THE reversed scraping of civil servants bonuses that our Finance Minister announced last month, as well as the introduction of Grade 7 examination fees that is being rumoured through the electronic corridors and newsrooms is nothing less than the IMF and World Bank-prescribed extension of neo-liberal forces. In our own reading of African experience, the neo-liberal philosophy lacks pragmatism to our reality. Instead of pacifying the troubled waters, they are actually destructive in nature.
The economies of Southern Africa cannot forget the debilitating effects of the post-Washington consensus that was fronted by the Bretton Woods institutions (IMF and World Bank) in the 1990s. These twin multilateral institutions introduced some structural adjustment programmes (SAPs) as a debt-recovery plan on developing countries that owed them billions of US dollars disbursed as development financial assistance.

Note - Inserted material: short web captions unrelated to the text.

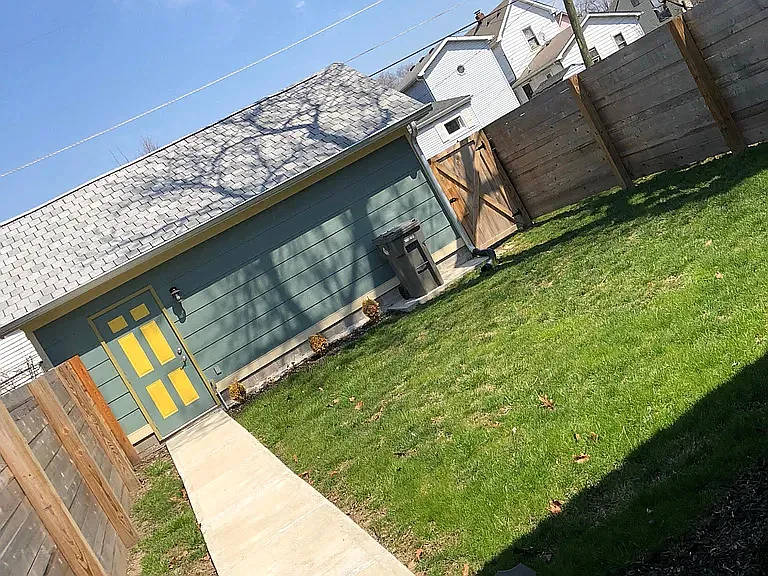 728 E Minnesota St — Photo 4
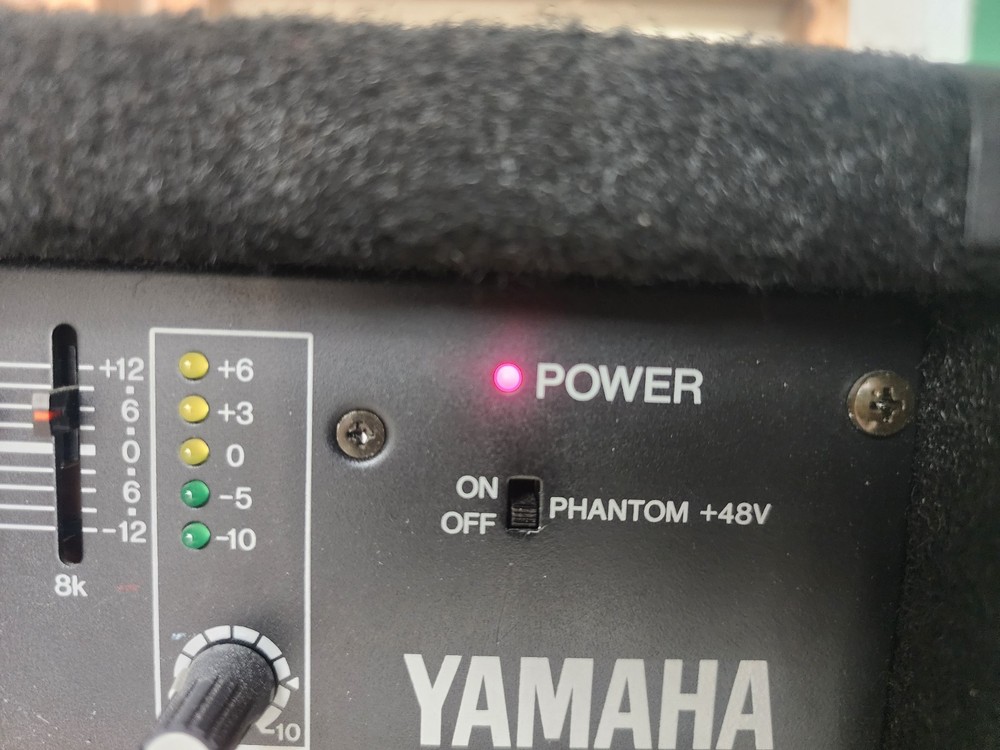YAMAHA EMX640 Powered Mixer 6-Channel Dual Amplifier Digital Effects EMX 640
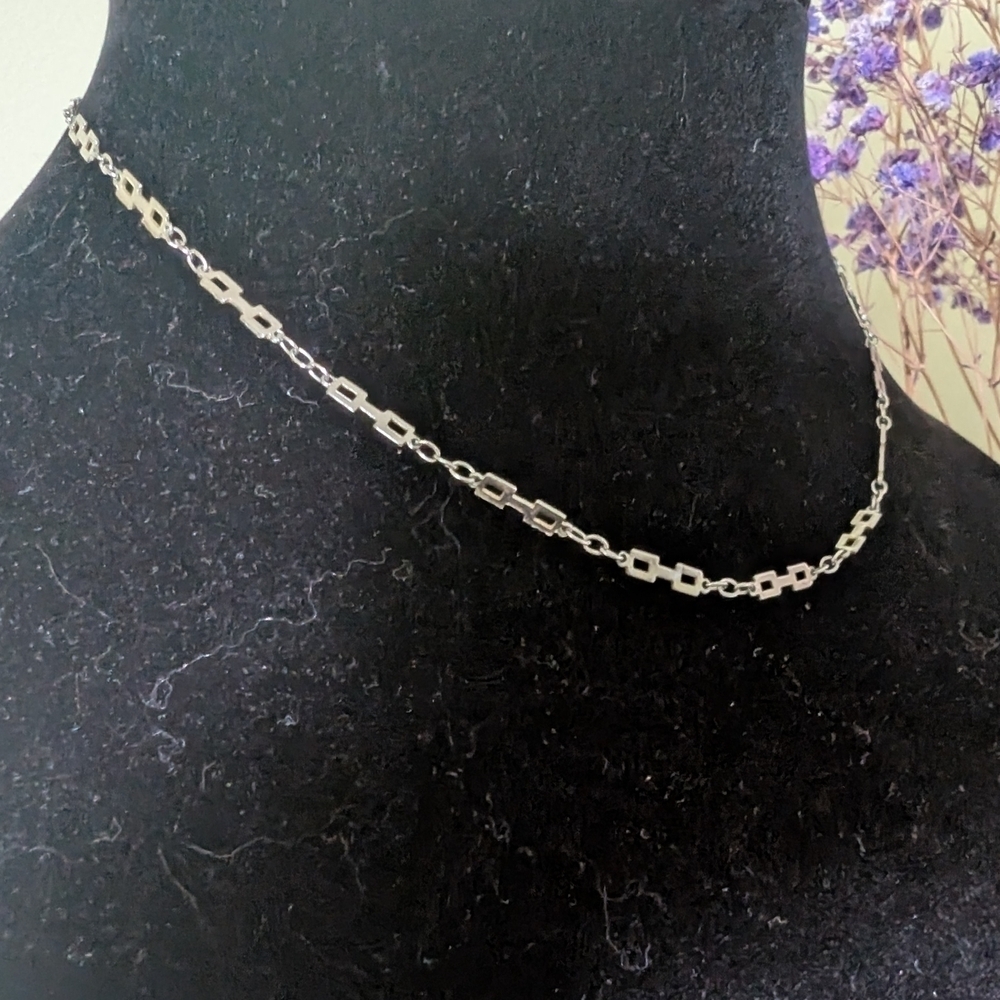 Elegant Silvertone Chain Necklace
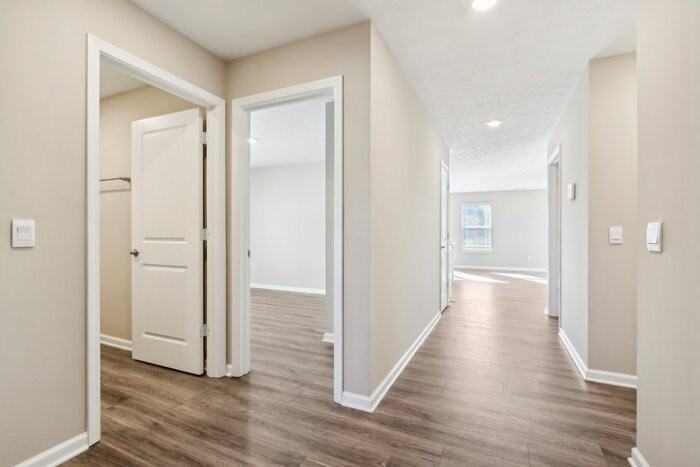 672 Marsh Aster Dr - Photo 5 of 21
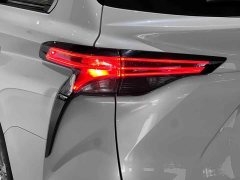 Toyota SIENNA 2021 2.5L Hybrid Limited - фото 9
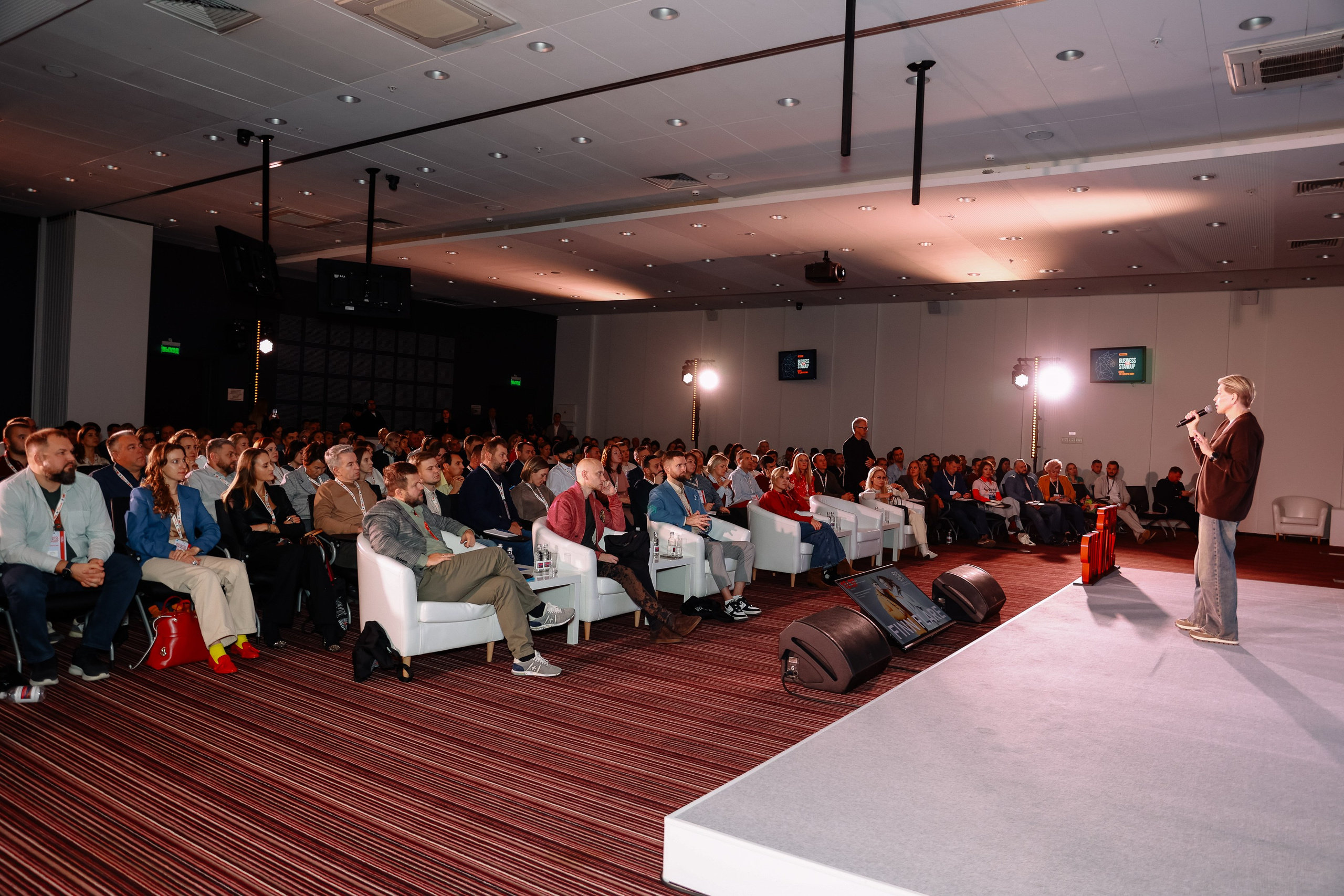 BUSNESS STANDUP с Оскаром Хартманном. Фотограф Юлия Мальцева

Zimbabwe also happened to have borrowed the institutions a lot of money that was meant to implement the Growth with Equity Policy that saw land resettlement to accommodate the historically marginalised, universal education, extension of healthcare and expansion of other social services to the once discriminated Africans.

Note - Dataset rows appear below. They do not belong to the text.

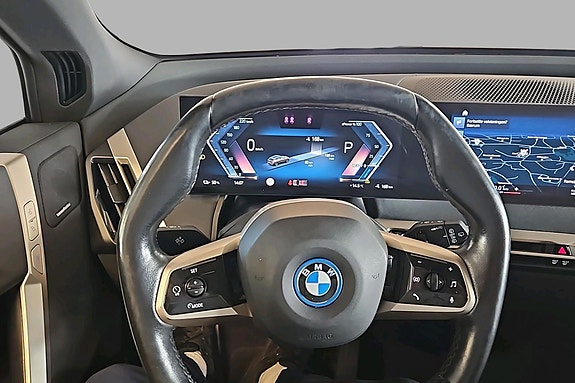 BMW iX 12 of 19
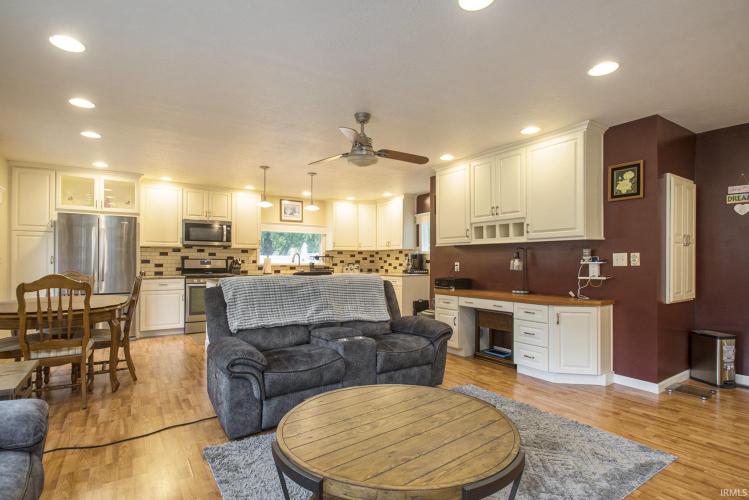 Listing Image 6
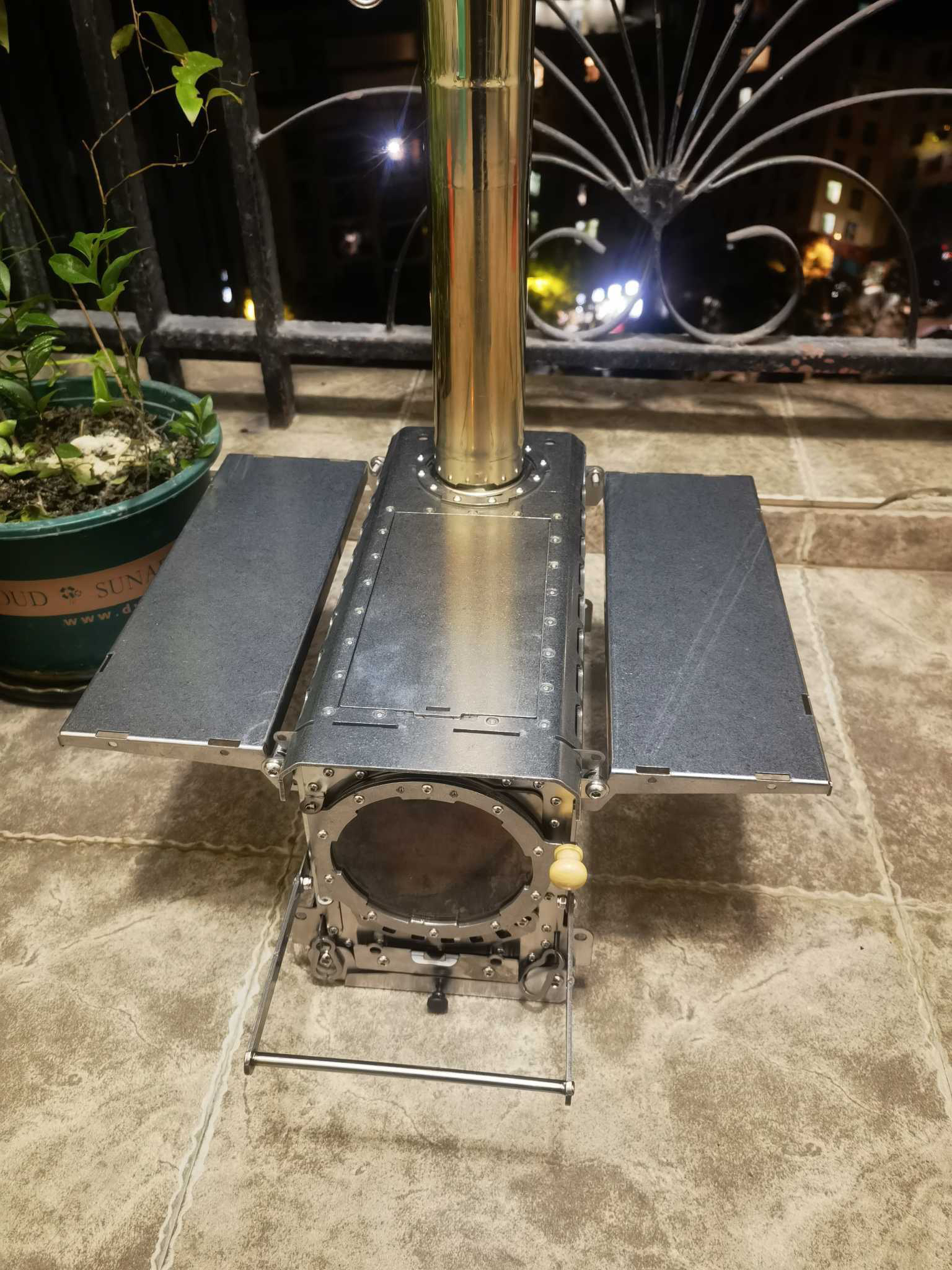Stainless steel outdoor wood stove, barbecue, picnic, tent stove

The campaign was based on the 3Ds that are democratization, devaluation and deregulation. These policies underperformed the economy as they forced the government to concentrate on budget deficits at the expense of creating employment and improving social services. In 1999, unemployment stood at 50% in some sectors and only 16 000 jobs are created per year for 220 000 school leavers.

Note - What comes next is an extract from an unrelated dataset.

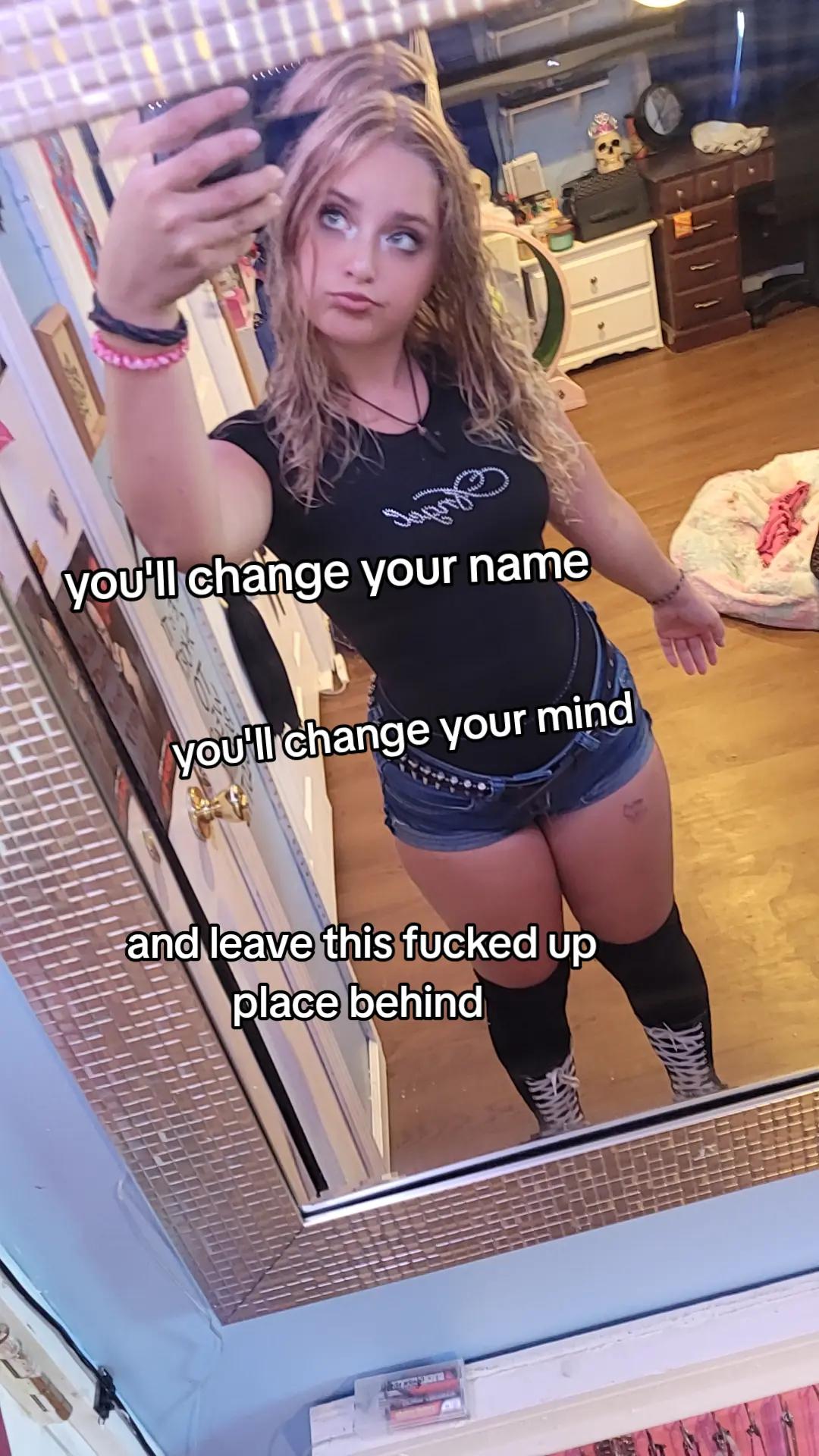 @Megan😻🖤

Since the early 1990s, 130 companies were liquidated. Due to currency devaluation, the real foreign exchange value of exports in Zimbabwe declined by 2,7% a year while it had grown by 9% before SAPs were introduced. Economic growth was slow and 60 000 workers were retrenched under the ploy of a macro-economic strategy called “Public Expenditure Review.”
However, the policies aggravated poverty among the urban middle class and the rural folks through retrenchments and removal of health, educational and agricultural subsidies. The acronym, ESAP which stands for Economic Structural Adjustment Programs was seen abbreviation for “Ever Suffering African People” due to the neo-liberal approach’s detrimental properties.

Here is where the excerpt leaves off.